I have always been a slow eater and am inclined to get too involved in conversation when eating out that I have been known, much to the annoyance of other diners, to be the last and only one still eating when everyone else has finished their meal and waiting for the next course to arrive, so I have left the remainder of the meal on the plate declaring I have had sufficient. Slow eaters apparently eat less anyway as it takes the brain 20 minutes to register and tell you when your stomach is full which means they put on less weight.

I much prefer lots of interesting small courses when eating out depending on the venue and the company I am with, so no, a doggy bag if it wasn’t included on the menu I wouldn’t ask for one 🙂

The first time I encountered the Doggy Bag it flashed though my mind to ask why carry a dog about in the first place? But spare food in shops and restaurants is wasteful, and not always an easily resolved situation. Many years ago a pal and I used to take part in Charity collections, which meant we were given a list of the major food retailers to cover each evening around 10 minutes before closing time to collect their ‘donations’. The problem we encountered was that we could only collect during the very limited time before they closed, and most of the major foot outlets closed at the same time. We might make two shops but never more, so what happened to their donations I have no idea.

I think if legislation were to be proposed regarding doggy bags then really the more practical approach would be to place statutory limits on serving sizes. For many reasons that will never happen, but Beryl’s astute observation regarding slow eating is important: slow eaters do feel satiated after having eaten less than gobblers, and places like Ramsey’s take around two and a half hours to serve a simple five course meal, so you’re losing your appetite, weight and the will to live by the time they’ve finished, the end result of which is that you’re healthier, Ramsey’s is wealthier and the dog hungrier. So wins all round, then 🙂

In the UK, the use of “doggy bags” is well established at Pizza Hut. In fact my experience is that they usually offer the facility to any customers who end up with unfinished pizzas.

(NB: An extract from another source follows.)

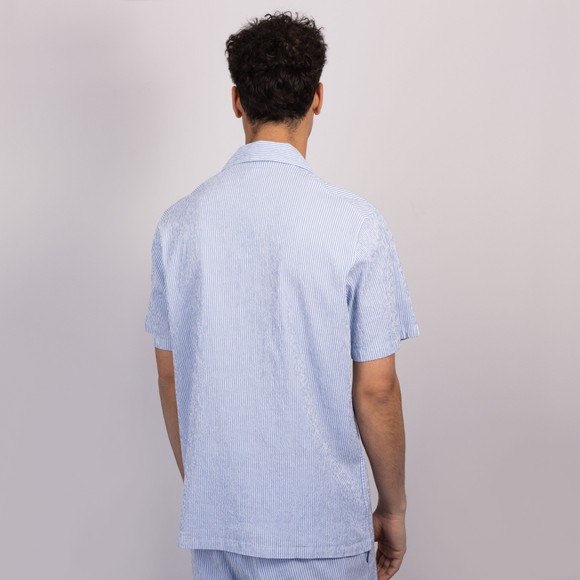Oliver Sweeney Mens Blue Sereta Striped Seersucker Riviera Short Sleeve Shirt main image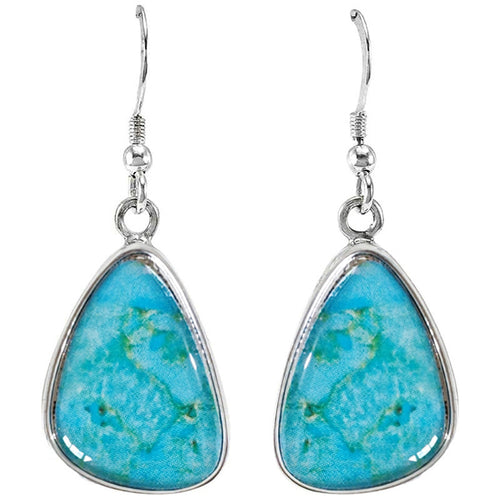 Pair silver turquoise teardrop cabochon hook drop earrings white background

In most other UK restaurants, I’d be reluctant to ask for a doggy bag – but, when the servings are limited to sensible portions of tasty food – there won’t be any leftovers.

Anna says:
8 August 2016

On Saturday I went to the Toby Carvery with 2 other people where they had two new meat on trial: half a duck and lamb. I said that I would like the duck and my daughter the lamb, but they looked too much. I was told “no problem I will box up what you cannot eat”. Well, we ended up having the ‘left over’ meat on Sunday (x3) with lovely fresh new vegetables and there were enough duck left over for another meal for at least two people!!!! I agree with who said that we should not serve such big portions in the first place, but if we must, then a doggy bag is welcome, as I really hate wasting good food.

The term doggy bag has unfortunate connotations for me. For years I’ve known them as the small plastic bags that responsible pet owners carry whenever they take their canine friend(s) for a walk.

I saw this article in the Evening Standard last night: http://www.standard.co.uk/lifestyle/london-life/too-good-to-go-meet-the-app-creators-that-are-helping-london-restaurants-to-cut-down-on-waste-a3359626.html

It looks as though Too Good to Go is now up and running in London, where I live. I will definitely be giving it a try soon.